In [None]:
#hide
#default_exp models

# Dual Store ICMR Prototype
With this version of the model, we make two kinds of modifications. 

## Theoretical Modifications
Theoretically, we make a major modification to the ICMR model to improve comparison with CMR dynamics.

In particular, we separate item and contextual features when representing each `experience`'s associated
memory `trace`. If item features or context don't exist or aren't relevant for specification of a particular
trace, that part of the trace representation will just be a zero vector.
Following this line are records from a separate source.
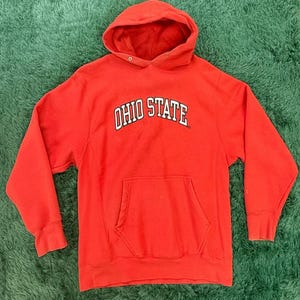 Puede incluir: Una sudadera con capucha roja con el texto "OHIO STATE" en letras blancas. La sudadera tiene un bolsillo delantero y una capucha con cordón. La prenda está hecha de un material suave y es adecuada para ropa casual.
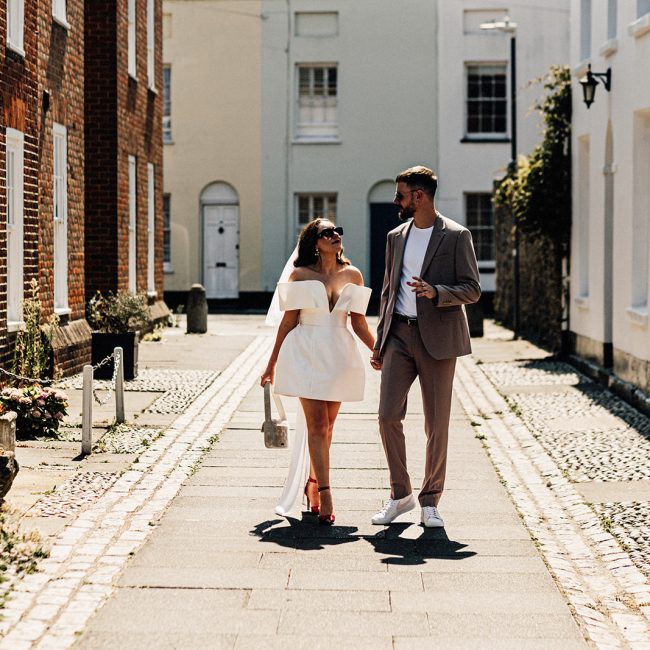 Canterbury Wedding Photographer captures antural portrait of bride and groom on streets of Canterbury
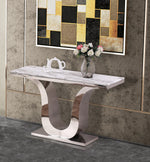 White marble console table with stainless steel U-shaped base, styled in modern home interior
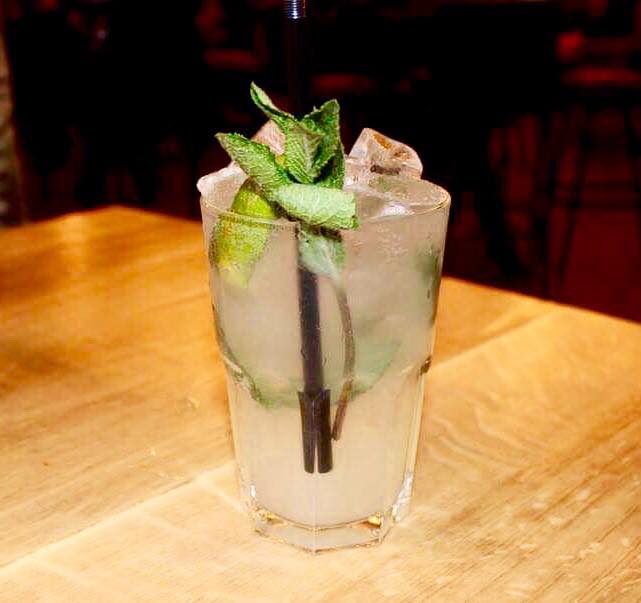 A tall high ball glass full of some clear liquid, some clear ice cubes, some mint leaves, some slices of Lime and a black straw on a light wooden table, on a light background.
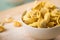 Fresh, uncooked Italian Cappelletti Tortellini pasta with flour and semolina  in porcelain bowl and on wooden board and pastel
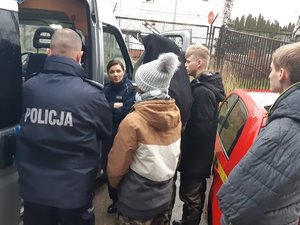 Policjantka ruchu drogowego opowiada o pracy przy jednym z radiowozów.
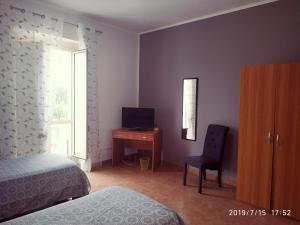 拉默齐亚泰尔默Santa e Maria Affittacamere的一间卧室配有一张床、一张书桌和一个窗户。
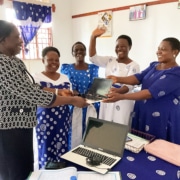 Delivering donated laptops to the Mothers' Union in Uganda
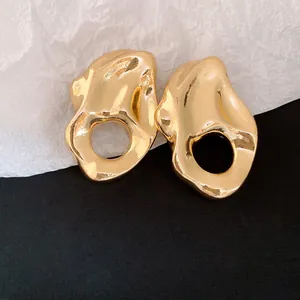 Primer plano de pendientes de metal dorado irregular con textura arrugada de moda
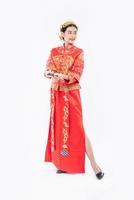 Woman wear Cheongsam suit and black shoe ready to give the gift money to relative photo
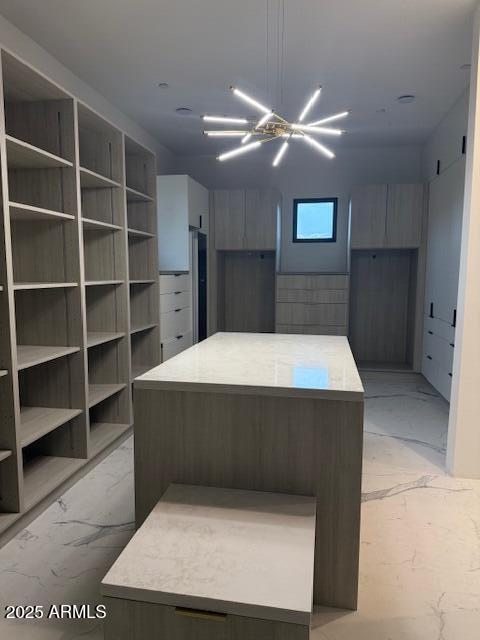 10354 E Celestial Dr, Scottsdale, AZ 85262 - kitchen featuring light marble finish flooring, a center island, modern cabinets, and light countertops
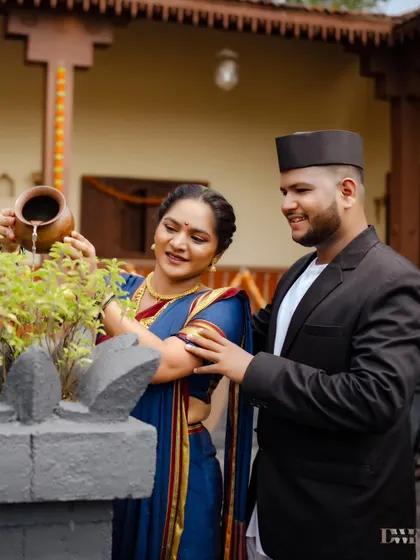 A sacred moment of watering the Tulsi plant together. It's these small, symbolic acts that add depth and meaning to a cultural pre-wedding shoot.
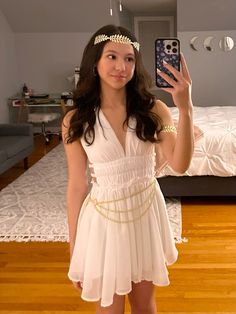 a woman taking a selfie in her bedroom wearing a white dress and headband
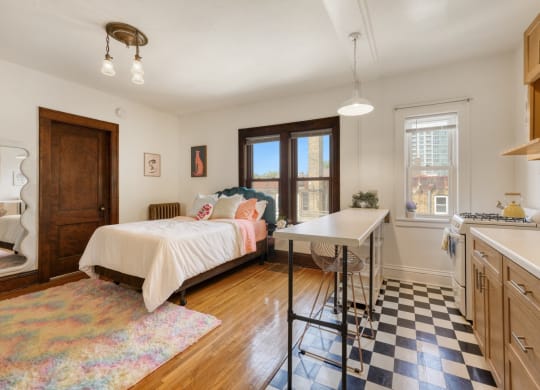 a bedroom with a bed and a desk with a chair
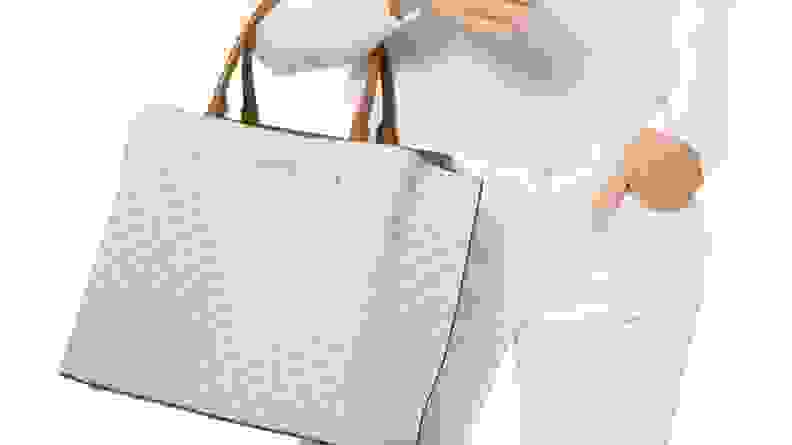 A woman in white holding a white Michael Kors bag.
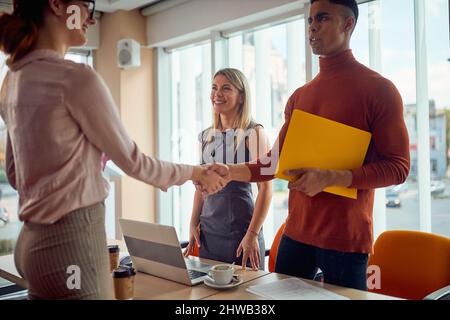 Une jeune commission est en train de prendre la main avec une candidate dans une atmosphère agréable après un entretien pour un emploi. Entreprise, personnes, entreprise Banque D'Images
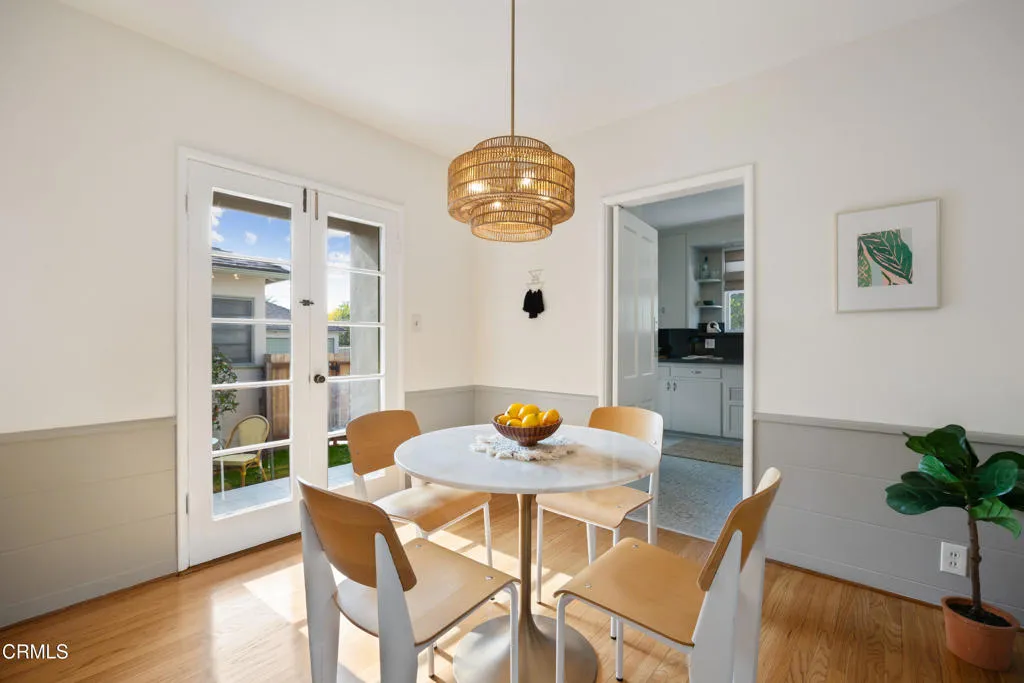 1766 Whitefield Road Pasadena, CA 91104 - Photo 15 of 52 a dining room with furniture potted plants and wooden floor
This enables us to organize retrieval selectively. A feature `echo` associated with the current `context`
representation can be obtained by presenting `context` with a null `feature` representation as a `probe` to
`memory`, effectively performing the role of CMR's `Mcf`. Similarly, item features can be presented with null
context features as a memory probe to measure relevant contextual associations, operating similarly to CMR's
`Mfc`.

Besides this, we also make substantial modifications to our retrieval mechanism. Before, item activations
were computed by comparing the current contextual representation to each item's feature representation. Now,
we'll try an operation that hews better with the classical `echo` mechanism. We'll present `context` as a cue
to memory in the manner described above, and use the resulting trace activations to determine recall
competition. 

The way CMR and instance models compute similarity-based activation are quite similar, but a potentially
important distinction is that while CMR generates activations for every item that might be recalled, instance
models' echo mechanism measures activations for every stored trace. So if the same item has been presented
repeatedly, activation vectors at minimum will exhibit different lengths. In the current version of the
model, we allow traces associated with the same items to compete with one another in the activation function.
However, once an item is recalled, we still rule out repeated recall of the same item for the rest of the
experiment. This is expected to lead to similar recall dynamics as to how CMR organizes recall.

We also go ahead and include support for all parameters parallel to those specified in the Morton and Polyn
2016 paper. A key experiment down the line will be to explore whether manipulating these parameters impacts
model performance like they would in CMR.

## Operational Modifications
To support easier inspection of model states, we include several functions that either refactor operations
previously performed by larger superfunctions or that control model operation in novel ways.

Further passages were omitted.